**Work item**
Omit all pictures. Quote the lines from the one with "image for: Anònim" through the end of the listing below, exactly as they appear.

**Data excerpt**

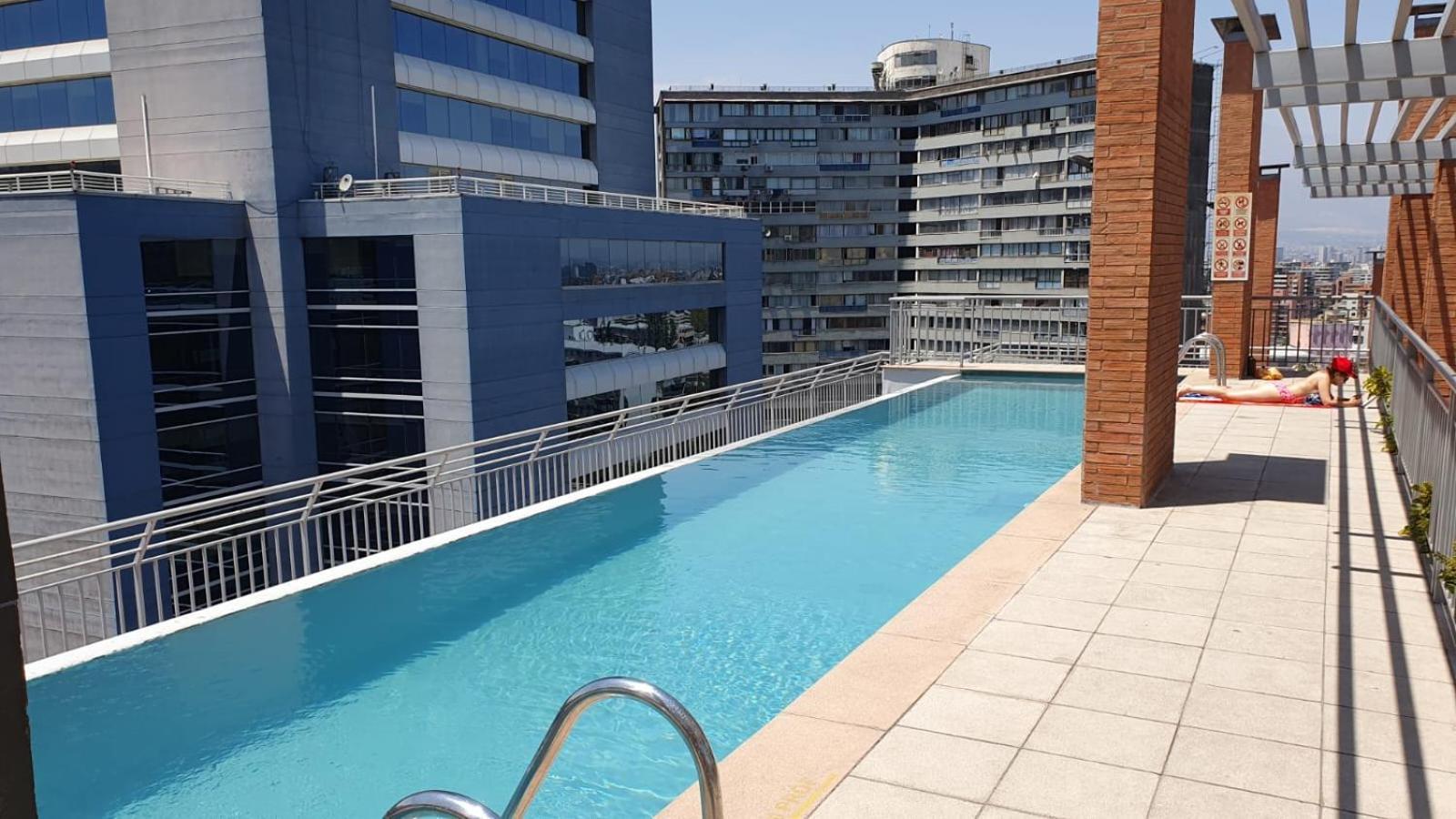 Providencia A Pasos Del Metro Pedro De Valdivia Apartman Santiago Kültér fotó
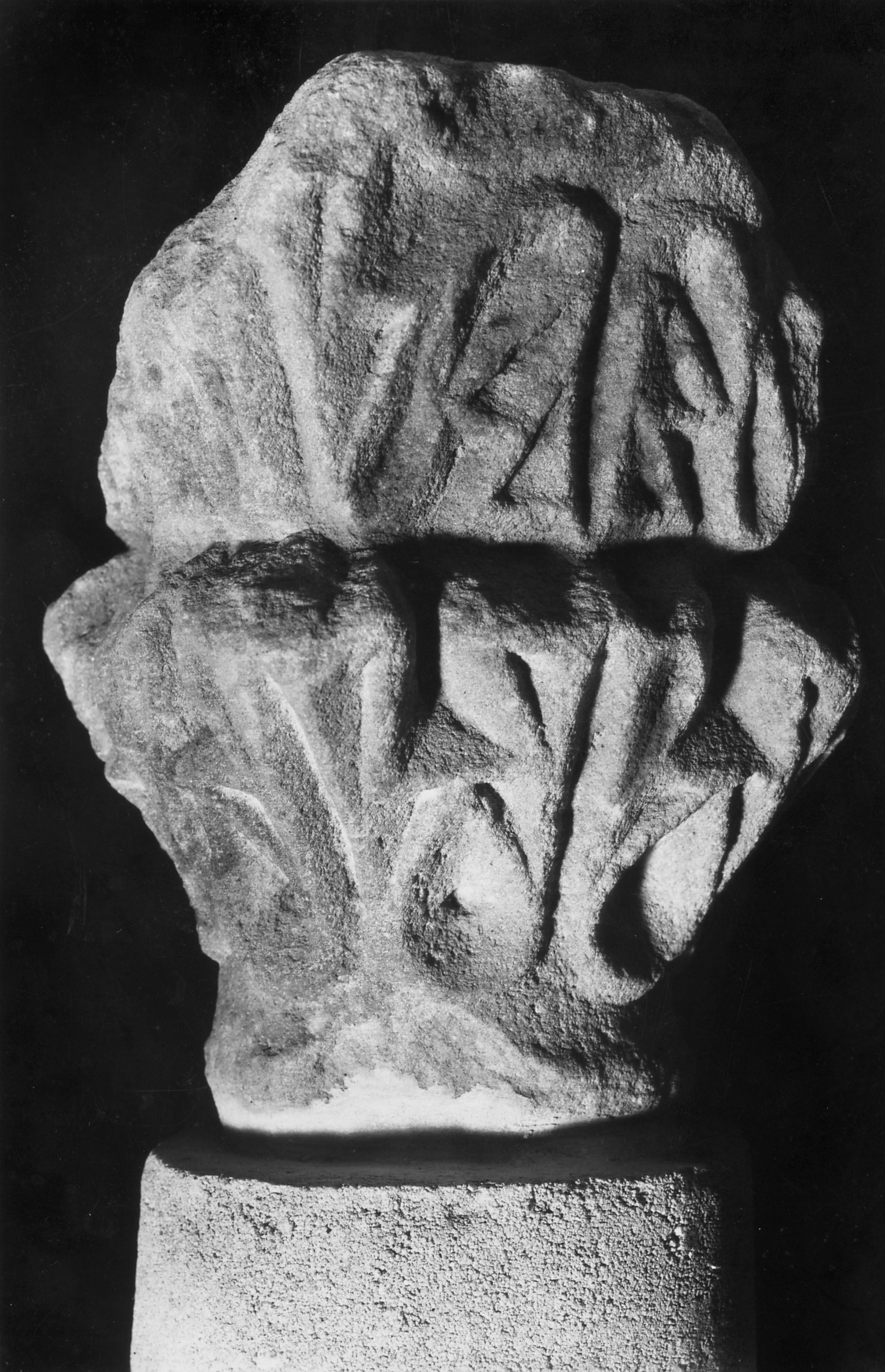 image for: Anònim - Capitell - Últim quart del segle XIII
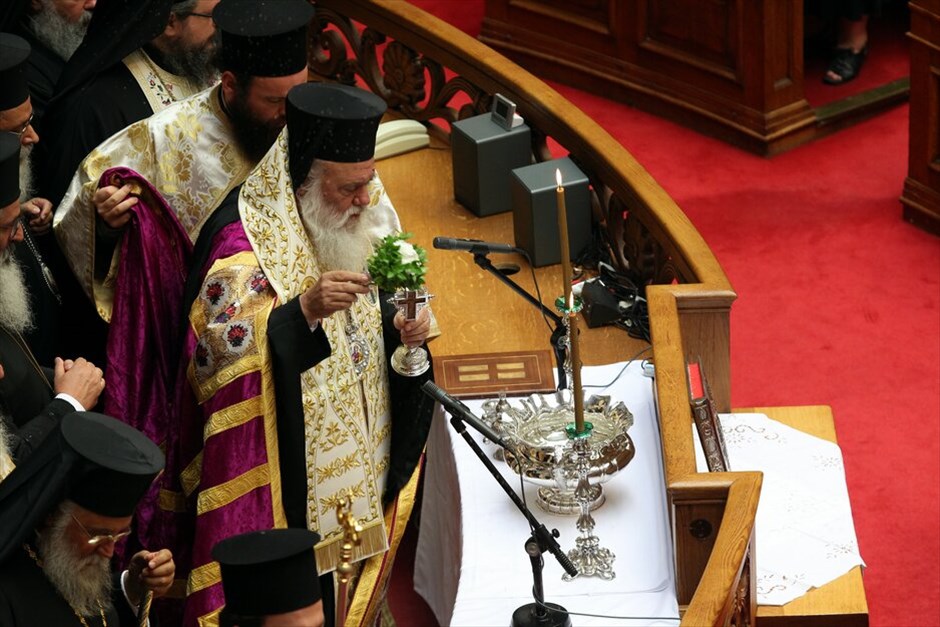 Ορκωμοσία της νέας Βουλής  #2. Χοροσταντούτος του Αρχιεπισκόπου Ιερώνυμου και των μελών της Ιεράς Συνόδου ορκίστηκαν τα μέλη της νέας Βουλής που εξελέγησαν στις εκλογές της 17ης Ιουνίου. Όρκο στο κοράνι έδωσαν οι τρεις μουσουλμάνοι βουλευτές.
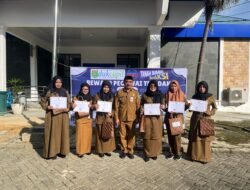 Tingkatkan Profesionalisme Pegawai,Disdukcapil Tanah Bumbu Berikan Reward dan Punishment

**Exercise result**
 image for: Anònim - Capitell - Últim quart del segle XIII
 Ορκωμοσία της νέας Βουλής  #2. Χοροσταντούτος του Αρχιεπισκόπου Ιερώνυμου και των μελών της Ιεράς Συνόδου ορκίστηκαν τα μέλη της νέας Βουλής που εξελέγησαν στις εκλογές της 17ης Ιουνίου. Όρκο στο κοράνι έδωσαν οι τρεις μουσουλμάνοι βουλευτές.
 Tingkatkan Profesionalisme Pegawai,Disdukcapil Tanah Bumbu Berikan Reward dan Punishment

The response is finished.